WHAT YOU WILL DO: Print the line containing "Snapshot of _nicole_new" and all lines after it, unchanged, through the end of the data. Leave the pictures out.

THE DATA:

*** Begin section ***

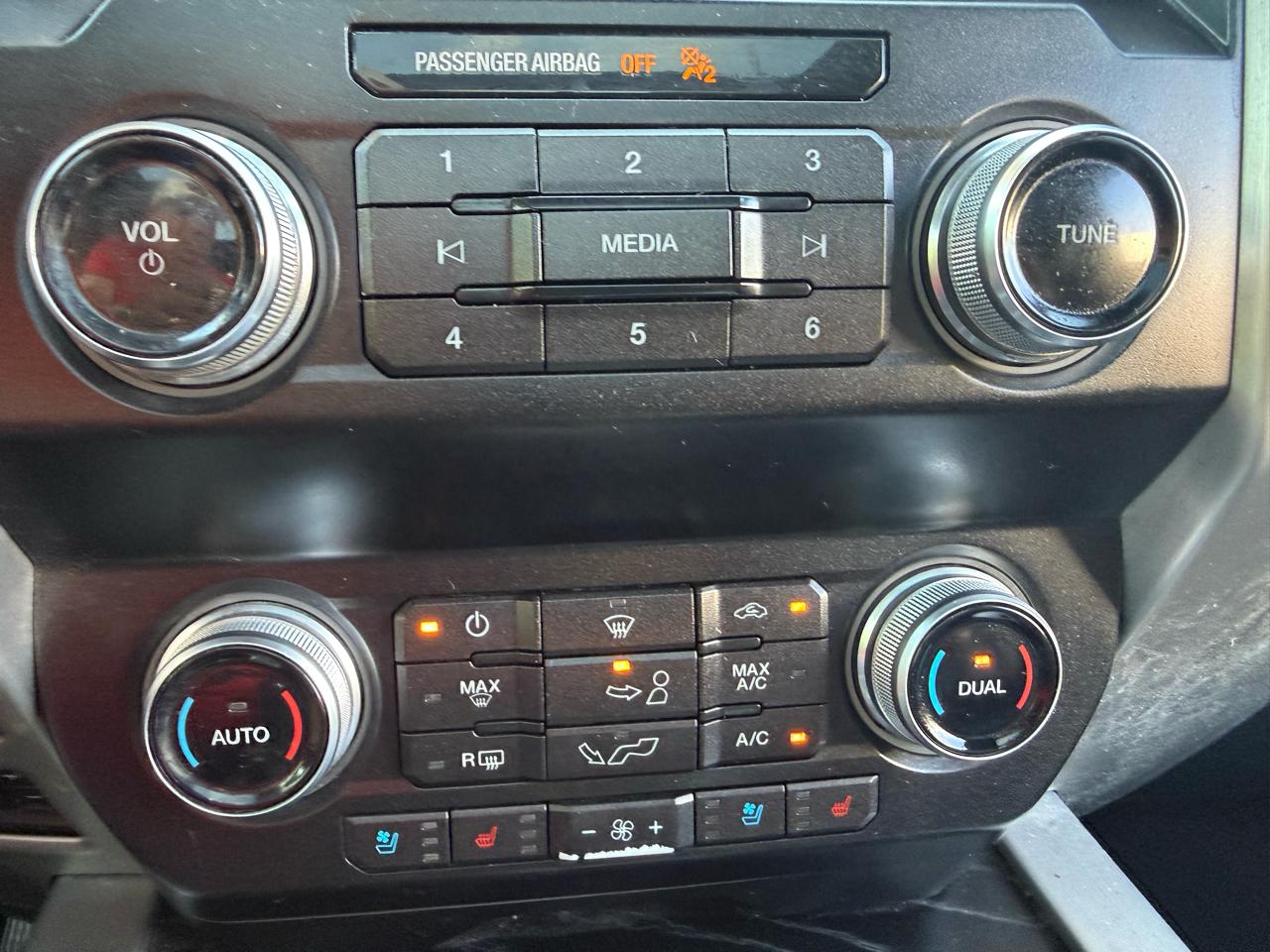 Ford F-150 Platinum SuperCrew 5.5-ft. Bed 4WD 2019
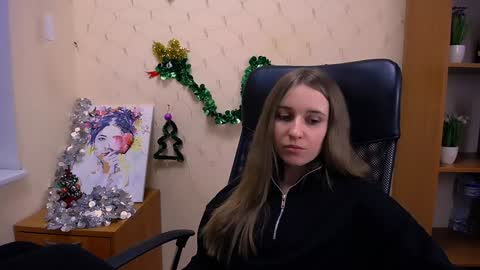 Snapshot of _nicole_new chatting on 12-24-24, 12:44 Nica online show from 12-24-24, 12:44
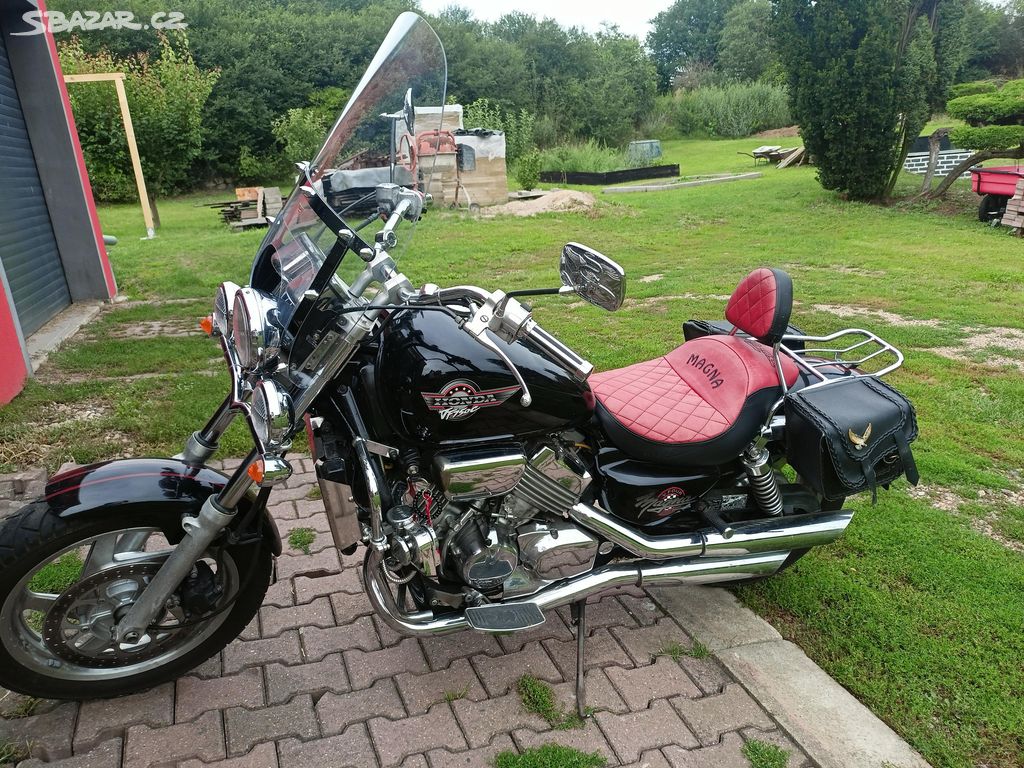 Honda Magna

*** End section ***

REPLY TO THE EXERCISE:
 Snapshot of _nicole_new chatting on 12-24-24, 12:44 Nica online show from 12-24-24, 12:44
 Honda Magna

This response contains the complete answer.